We make predictions to the new data sets and append these to our coordinate information. This is important to be able to create raster maps again.

# Make occupancy predictions and append to x/y coordinates of environmental data frame:
pred_occ <- cbind(env_dat[,1:2],predict(m_occdet, newdata=env_dat_scaled, type="state"))

# Make detectability predictions and append to x/y coordinates of environmental data frame:
pred_det <- cbind(env_dat[,1:2],predict(m_occdet, newdata=env_dat_scaled, type="det"))

We use terra::rast() to create the SpatRaster objects. For this, we just have to provide the coordinate information and any columns that we want as raster information.

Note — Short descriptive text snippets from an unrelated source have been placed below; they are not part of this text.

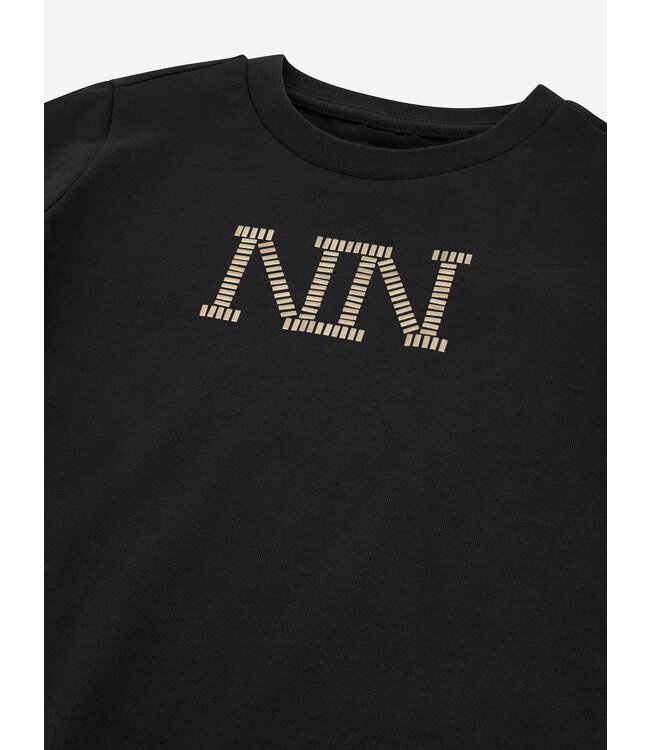 Nik&Nik winter t-shirt meisjes - zwart - Stud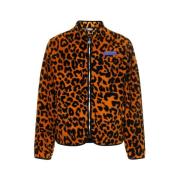 Leopard Print Fleece Jacket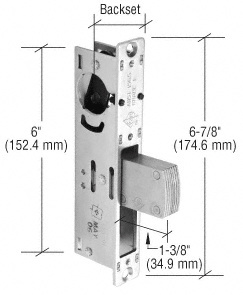 CRL Adams Rite® Long Throw Deadlock With 1-1/8" Backset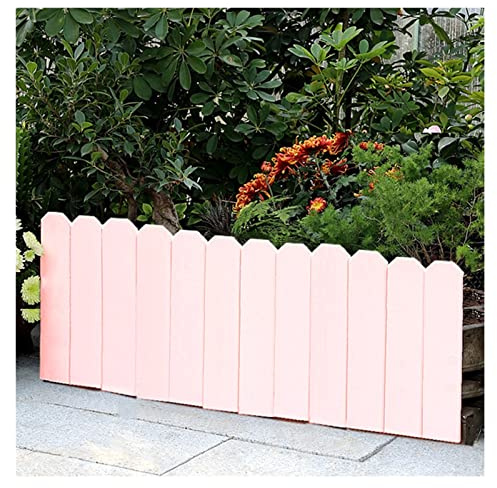 GOCHUSX Freistehende Lattenzaun-Paneele Aus Holz, Garten Einfassung Grenze Outdoor Garten Rasen Landschaft Flexible Dekorative Grenze, 5 Farben (Farbe : Rosa, Größe : 102X50CM(39.78X19.5IN))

# Make multi-layer SpatRaster from prediction data frame:
pred_occ_r <- terra::rast(pred_occ[,c('x','y','Predicted','SE')], type='xyz', crs=crs(clim_5km))
pred_det_r <- terra::rast(pred_det[,c('x','y','Predicted','SE')], type='xyz', crs=crs(clim_5km))

For mapping, we can use the generic function plot().

# Map predicted occupancy along with its standard error
terra::plot(pred_occ_r, range=c(0,1))

# Map predicted detectability along with its standard error
terra::plot(pred_det_r, range=c(0,0.2))

# Homework prep

For the homework, you will need several objects that you should not forget to save.

# terra objects already on file: ""clim_5km", "crop_5km", "elev_5km"

# Save other (non-terra) objects from the workspace:
save(occ_env_redkite, gof.results, file='data/Occ5_EvalPred.RData')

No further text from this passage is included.